**Exercise aim:** Omit the pictures and return exactly the stretch of the material below from the line with "STARS of WONDER" through the line with "97301-Bioxcin Black Garlic".

**Data extracts:**
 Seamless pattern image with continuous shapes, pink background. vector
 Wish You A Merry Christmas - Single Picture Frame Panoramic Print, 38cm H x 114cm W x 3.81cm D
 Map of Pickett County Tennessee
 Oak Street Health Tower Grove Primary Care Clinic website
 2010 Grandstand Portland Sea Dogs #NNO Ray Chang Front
...
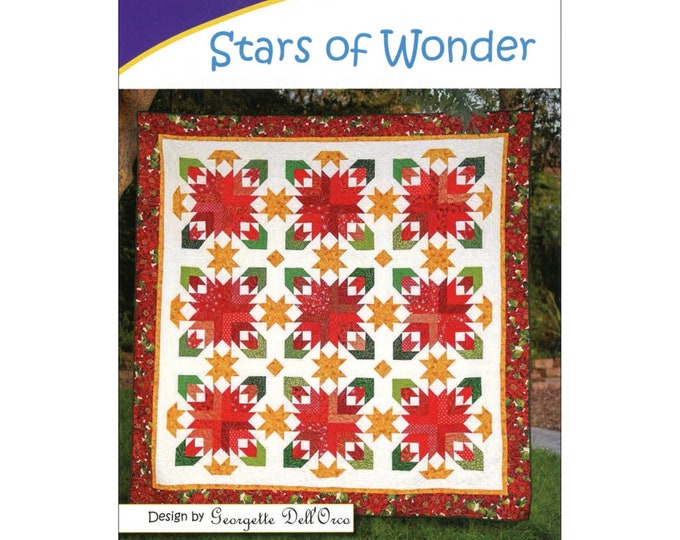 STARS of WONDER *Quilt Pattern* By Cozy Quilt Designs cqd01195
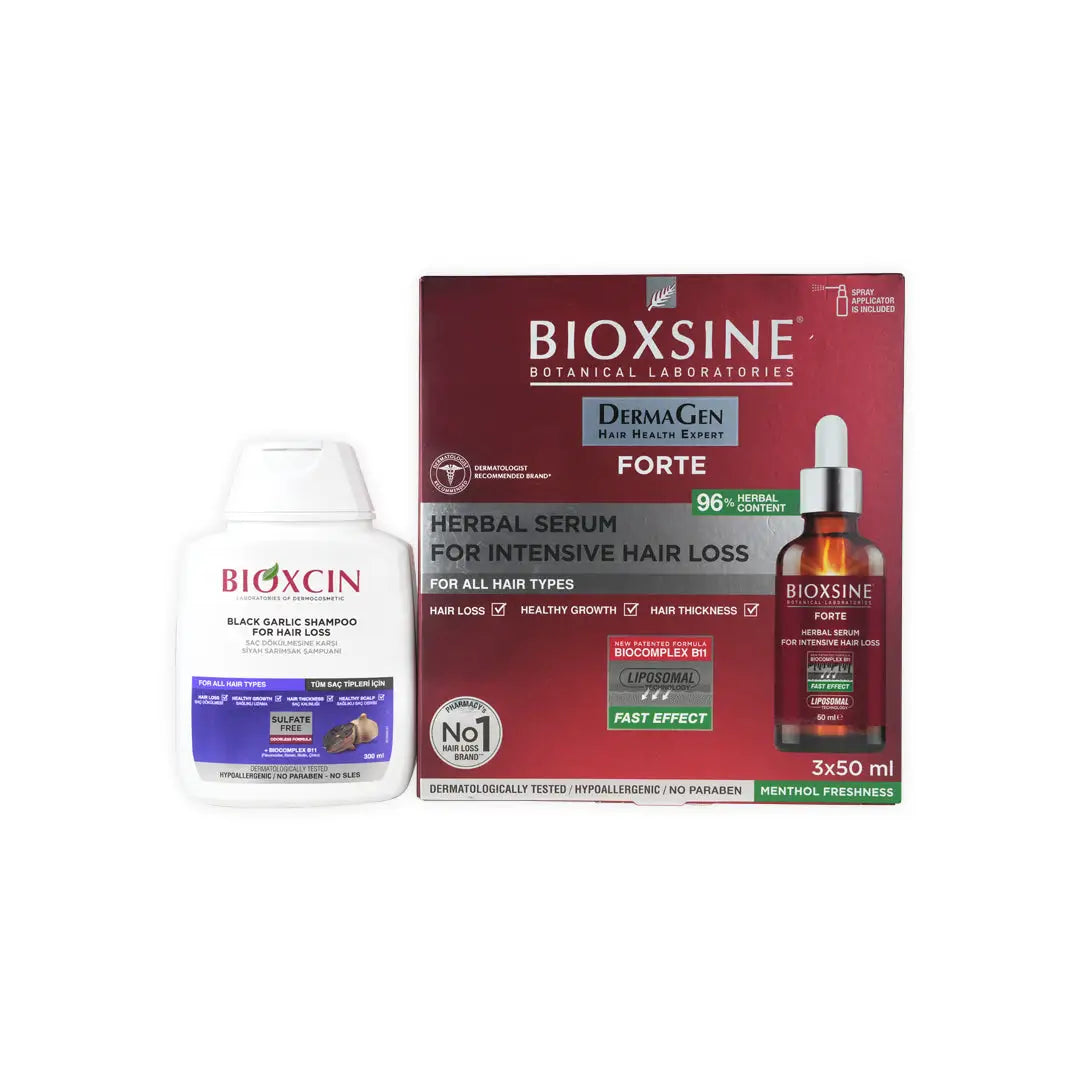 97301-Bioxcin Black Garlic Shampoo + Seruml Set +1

**Answer section:**
 STARS of WONDER *Quilt Pattern* By Cozy Quilt Designs cqd01195
 97301-Bioxcin Black Garlic Shampoo + Seruml Set +1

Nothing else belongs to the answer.